Unfortunately, thus far, I’ve not been proven wrong. Even signing up was
a tiring, painful experience.
(Note: Responsibility in our house is structured such that Jenn is in
charge of phone, TV, and internet service, so the experience explained
here was primarily hers. I was sitting right there, but it was Jenn the
whole thing actually happened to, not me. I can’t imagine that it’d have
been any different had it been me except there might have been more
cussing.)
We started on the Verizon web site, trying to sign up for their
phone/TV/internet combo deal. We’d have called, but there’s an
internet-only special that they say you can only get if you sign up
online. We got all the way to the confirmation stage when the phone
portion of things blocked us - we couldn’t keep our phone number if we
signed up online. Unacceptable. When we signed up for Comcast Digital
Voice, it was a seamless experience - they took care of everything.

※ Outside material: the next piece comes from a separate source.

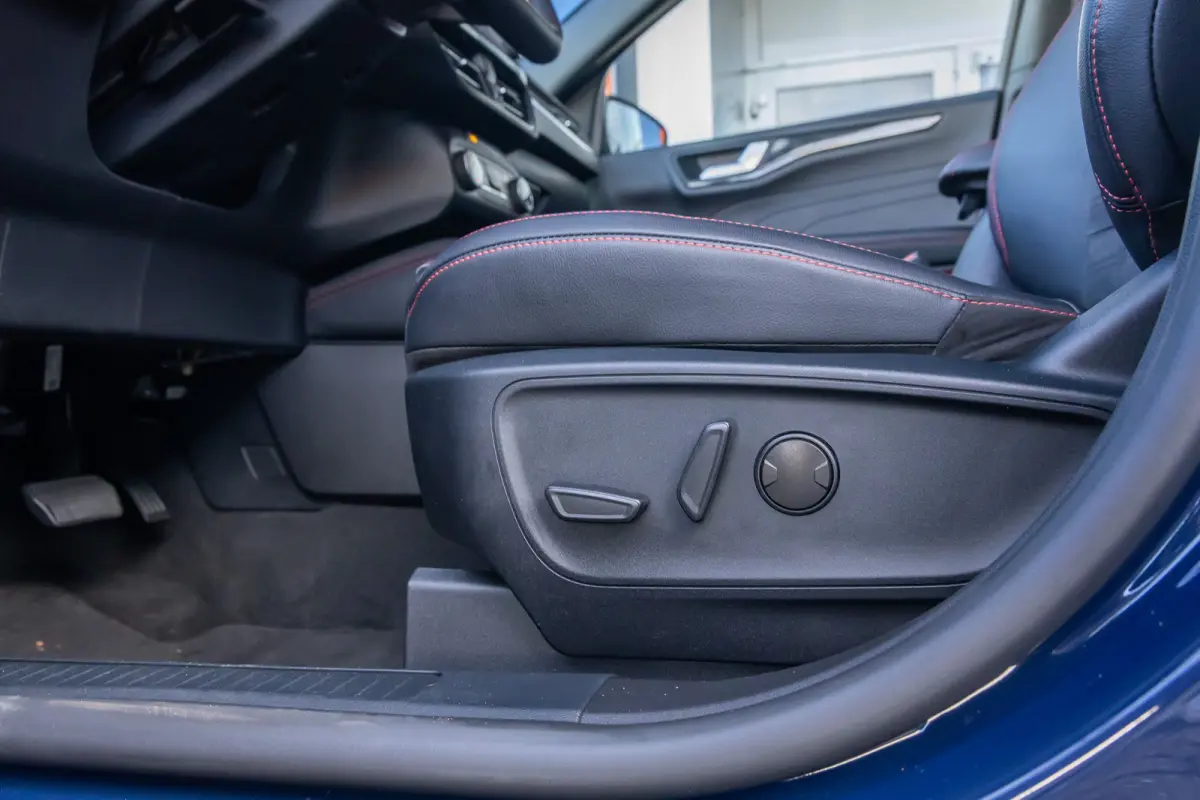 2.5 PHEV ST-Line X Trekhaak | Dodehoek detectie | Stoel- Stuurverwarming | Parkeersensoren | Keyless | Elek. Achterklep | Dodehoek Detectie | B&O | Apple Carplay/Android Auto | Achteruitrijc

Jenn got into an online chat with a service rep who was absolutely no
help. He reiterated that you have to sign up online or you won’t get the
discount. He also maintained that they had no way to transfer phone
numbers that weren’t already under Verizon control, so we’d be forced to
choose a new number. Local number
portability tells
me otherwise.
As part of the rep’s helpful “chat,” he sent Jenn various links that,
when you follow them, actually get you to run through the entire sign-up
process again. She must have filled out the online form like five times
and no true help (beyond the copy/paste form letter sort of chat from
the online rep) was forthcoming.
Time for a phone call. We called Verizon to find out what was going on
and let them know about the number portability thing. The phone rep
insisted that you have to sign up online to get the discount but that
one thing you could do is cancel your current phone service, get a
confirmation number of some sort, and when the Verizon phone service
started up, you could provide this confirmation number and keep your
original phone number. That, of course, means that between the time you
cancel your original phone service and the time they start the Verizon
service (which could be a couple of weeks out), you don’t have a phone.

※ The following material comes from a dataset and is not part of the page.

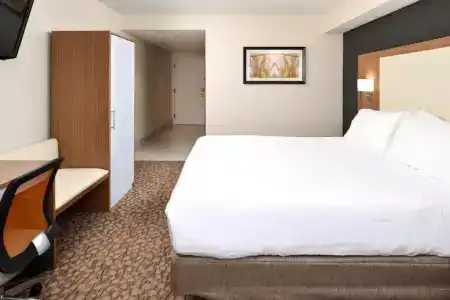 Holiday Inn Express & Suites Naples North - Bonita Springs by IHG - 16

Again, unacceptable. The other option we had was to register online for
just internet and TV service and add the phone service later - part of
the “cutover window” problem was, apparently, that they would have to
run lines to our house and for some reason couldn’t run lines and cut
our phone over on the same day. (Yeah, it sounded like a line of crap to
me, too.)
By this time we were getting pretty frustrated with the whole thing. We
wanted the bundle discount that you “only get when signing up online”
but the online form wasn’t flexible enough to allow us the options we
needed. There was also absolutely no help forthcoming for us on how to
keep our original phone number. Jenn decided to take the route the phone
rep suggested and just get net and TV service through the online form
and sign up for phone later.
She filled out the form again and got to the payment screen. She filled
out the payment info… and it wouldn’t accept the credit card. In fact,
it wouldn’t accept any credit cards - not mine, not hers. We tried like
five different (working) cards.
In a moment of last minute desperation, we placed one more phone call to
Verizon. Make it or break it time - they either solve everything right
now, or we’re sticking with Comcast.
This time we actually got a representative who knew what she was talking
about. You don’t actually need to sign up online to get the discount.
After a little conversation, we got exactly what we were hoping for to
begin with - a full service conversion to Verizon services and we get to
keep our phone number. No cutover window where we’ll be without service.
The way it should have been to start with.
All of this took between two and three hours to get through. Two phone
calls and two online chat sessions. Navigation around a
nearly-impossible-to-use site with not enough options. It reminded me a
lot of my recent chats with Xbox Support.
We’re signed up and we should be getting converted over on February 9. I
really hope this wasn’t a sign of things to come. The reason we didn’t
have Verizon phone in the first place was the poor customer service and
they haven’t proven us wrong yet during this attempt to sign up. You
would think the signup process - the process where a customer is
literally waving money at you, asking you to take it - would be
absolutely seamless. I mean, if they can’t get the signup process right,
what happens when I actually have a problem?